**INFORMATION:**

----

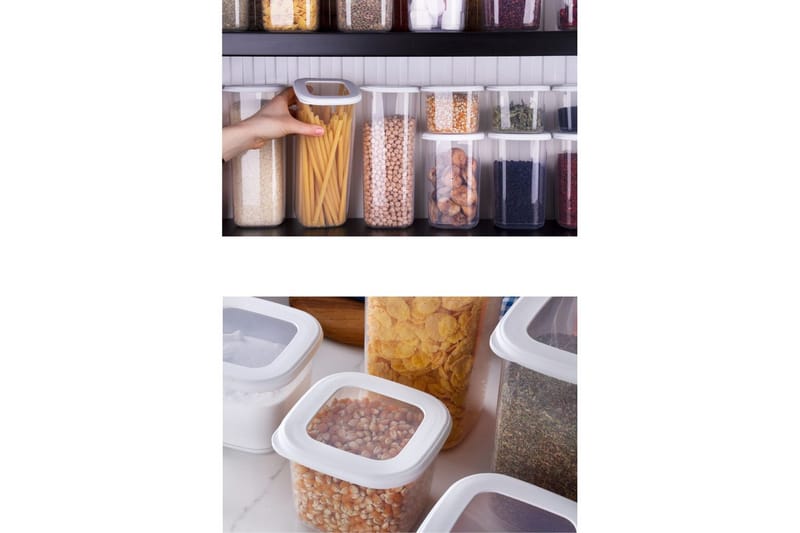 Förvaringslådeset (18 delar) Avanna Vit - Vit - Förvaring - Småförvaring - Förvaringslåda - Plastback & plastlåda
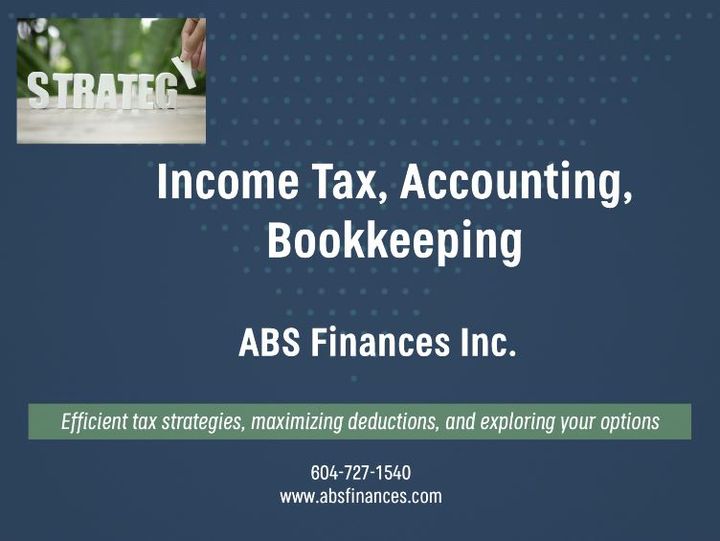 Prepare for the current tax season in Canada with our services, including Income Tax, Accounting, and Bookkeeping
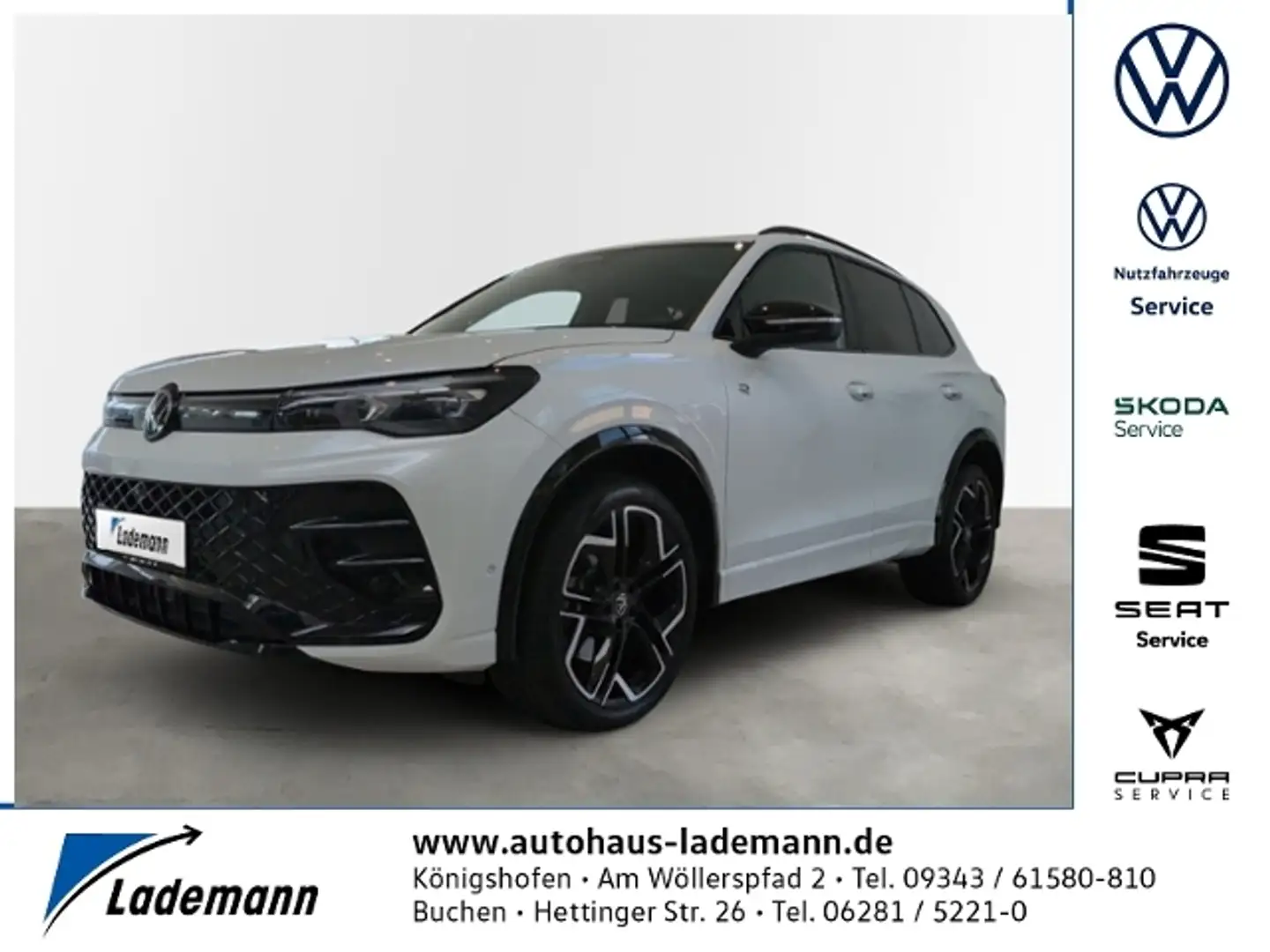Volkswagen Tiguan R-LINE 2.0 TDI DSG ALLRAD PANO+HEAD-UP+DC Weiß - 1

----

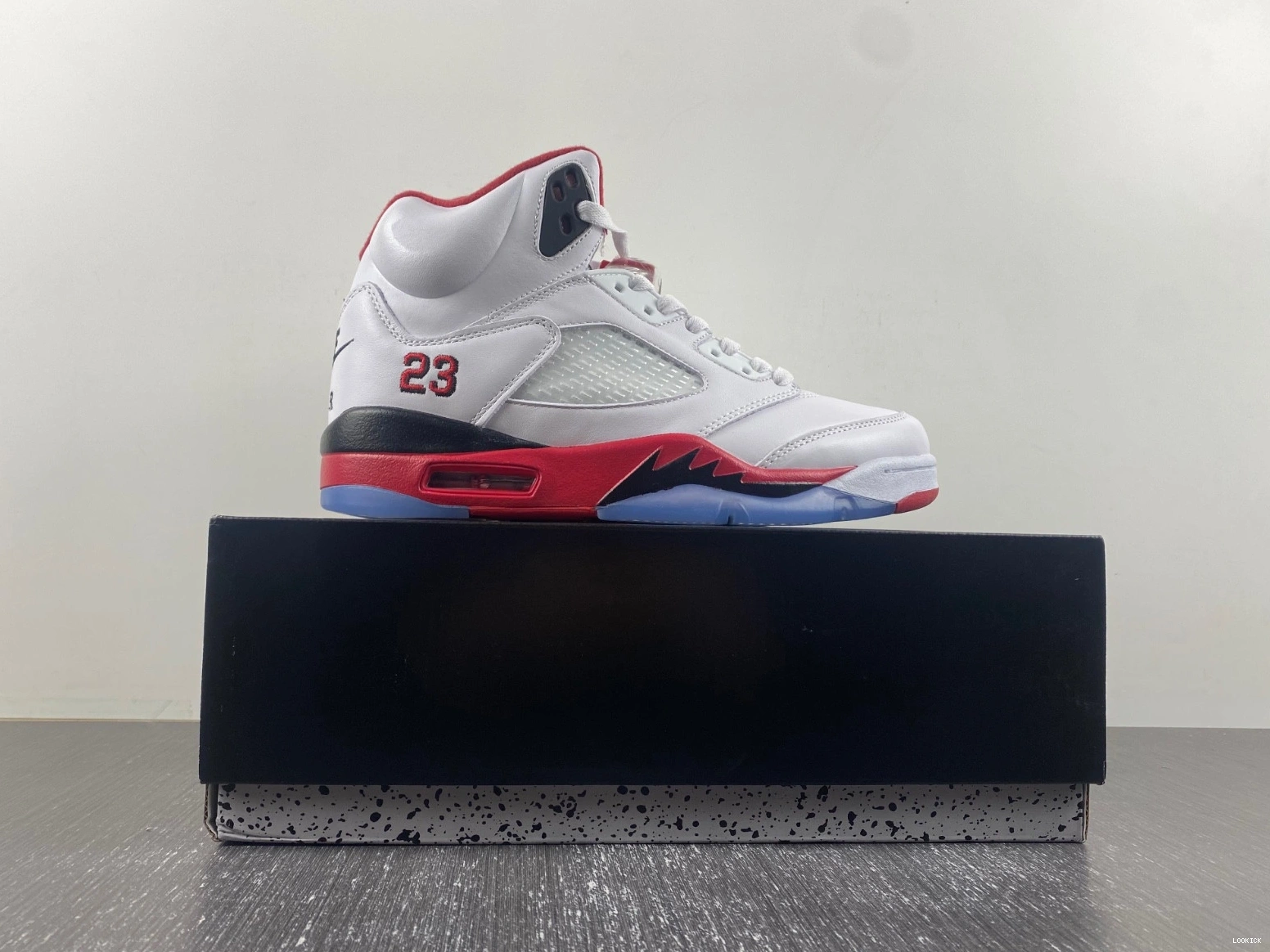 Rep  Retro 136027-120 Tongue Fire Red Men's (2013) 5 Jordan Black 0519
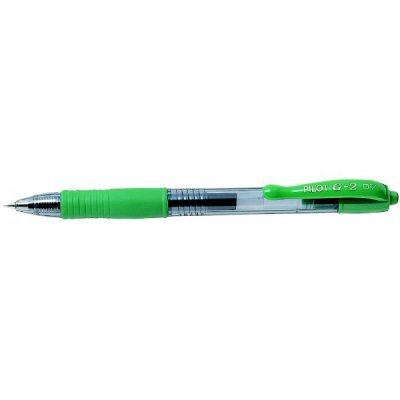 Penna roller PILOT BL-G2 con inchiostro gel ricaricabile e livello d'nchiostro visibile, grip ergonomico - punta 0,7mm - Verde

----

**ACTIVITY:**
Look above for the line with "Förvaringslådeset (18 delar)"; quote it and every line after it, stopping after the line with "Volkswagen Tiguan R-LINE", exactly, with nothing added and without pictures.

**ANSWER SPACE:**
 Förvaringslådeset (18 delar) Avanna Vit - Vit - Förvaring - Småförvaring - Förvaringslåda - Plastback & plastlåda
 Prepare for the current tax season in Canada with our services, including Income Tax, Accounting, and Bookkeeping
Volkswagen Tiguan R-LINE 2.0 TDI DSG ALLRAD PANO+HEAD-UP+DC Weiß - 1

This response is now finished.